Four main standard producers of broilers dominate the market. The largest is Tegel, owned by a Hong Kong private equity firm; then Ingham’s, owned by Australian investors. Next is Brinks, 50 per cent owned by Van der Brink family and 50 per cent by the VDB investment group. Turks is a smaller family-owned producer in Taranaki.

There is no legislated definition for “organic” or “free range”, so independent certification is required. Only a handful of farms offer organic broilers. Organic standards require chickens to be reared for at least 52 days. Companies such as Bostock (available at supermarkets and butchers) wait for 8 to 10 weeks. Bostock also manages every aspect of rearing, growing their own organic feed, doing their own slaughtering and packaging to ensure complete oversight.

Back to the Farm
Eggs are an excellent source of easy to digest and highly utilisable protein. A great choice for babies, children, the ill and the elderly  – and just about everyone else. Wonderfully little on the farm is wasted. Older eggs are wanted by bakers for making the best meringue. Eggs found in the paddock are given to pigs. Old birds are used for stewing (prized for flavour by savvy Chinese customers) or later yet for pet food. Excrement from the roost is used as fertiliser by farmers who then need less chemicals.

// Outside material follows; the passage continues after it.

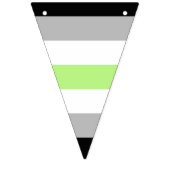 Agender Pride-vlag Vlaggetjes (Tweede vlag)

Light triggers laying. If you could look inside a hen there would be about 35 eggs in different stages of development. As one reaches maturity a hard calcium shell is created. We were shown one which had been expelled without a calcium exterior. It could be squeezed like a bouncy ball.

After our tour came brunch: scrambled eggs with chives, two types of local smoked salmon with leafy greens, warm artisan bread and homemade cinnamon brioche. Jill produced all this with relaxed competence in the cosy farm staff kitchen while a proprietary hen walked in to visit.